• EXERCISE BRIEF: Which lines run from the line containing "埼玉県和光市の施工事例｜道路側から見たフェンスと土間の引き" through the end of the records below? Reproduce them exactly, and nothing else.

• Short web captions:
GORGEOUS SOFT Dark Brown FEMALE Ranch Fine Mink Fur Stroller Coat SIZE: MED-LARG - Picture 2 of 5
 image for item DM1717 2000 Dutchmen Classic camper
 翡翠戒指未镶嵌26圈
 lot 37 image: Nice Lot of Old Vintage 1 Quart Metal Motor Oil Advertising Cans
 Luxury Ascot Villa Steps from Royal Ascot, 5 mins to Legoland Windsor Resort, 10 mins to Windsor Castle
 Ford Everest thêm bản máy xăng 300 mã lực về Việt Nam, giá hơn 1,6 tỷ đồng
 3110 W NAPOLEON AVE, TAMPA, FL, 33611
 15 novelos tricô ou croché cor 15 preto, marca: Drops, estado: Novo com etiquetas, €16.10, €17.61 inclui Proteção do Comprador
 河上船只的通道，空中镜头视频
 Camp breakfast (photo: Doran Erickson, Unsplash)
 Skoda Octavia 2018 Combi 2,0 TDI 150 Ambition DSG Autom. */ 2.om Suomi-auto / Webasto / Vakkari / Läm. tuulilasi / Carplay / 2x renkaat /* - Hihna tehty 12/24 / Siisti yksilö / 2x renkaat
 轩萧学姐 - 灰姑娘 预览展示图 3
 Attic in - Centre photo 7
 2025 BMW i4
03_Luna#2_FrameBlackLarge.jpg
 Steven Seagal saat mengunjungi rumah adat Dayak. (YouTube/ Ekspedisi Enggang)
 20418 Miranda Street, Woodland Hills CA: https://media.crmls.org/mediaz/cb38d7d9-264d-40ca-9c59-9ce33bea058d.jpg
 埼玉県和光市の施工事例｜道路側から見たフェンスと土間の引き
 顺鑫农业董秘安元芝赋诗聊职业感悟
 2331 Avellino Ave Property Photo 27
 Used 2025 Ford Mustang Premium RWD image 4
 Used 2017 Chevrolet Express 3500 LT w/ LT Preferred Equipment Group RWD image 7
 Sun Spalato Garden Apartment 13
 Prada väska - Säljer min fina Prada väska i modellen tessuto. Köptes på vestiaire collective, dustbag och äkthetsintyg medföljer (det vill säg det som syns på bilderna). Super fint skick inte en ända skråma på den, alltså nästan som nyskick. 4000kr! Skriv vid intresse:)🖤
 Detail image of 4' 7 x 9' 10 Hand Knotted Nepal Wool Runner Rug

• SOLUTION TO THE PROBLEM:
 埼玉県和光市の施工事例｜道路側から見たフェンスと土間の引き
 顺鑫农业董秘安元芝赋诗聊职业感悟
 2331 Avellino Ave Property Photo 27
 Used 2025 Ford Mustang Premium RWD image 4
 Used 2017 Chevrolet Express 3500 LT w/ LT Preferred Equipment Group RWD image 7
 Sun Spalato Garden Apartment 13
 Prada väska - Säljer min fina Prada väska i modellen tessuto. Köptes på vestiaire collective, dustbag och äkthetsintyg medföljer (det vill säg det som syns på bilderna). Super fint skick inte en ända skråma på den, alltså nästan som nyskick. 4000kr! Skriv vid intresse:)🖤
 Detail image of 4' 7 x 9' 10 Hand Knotted Nepal Wool Runner Rug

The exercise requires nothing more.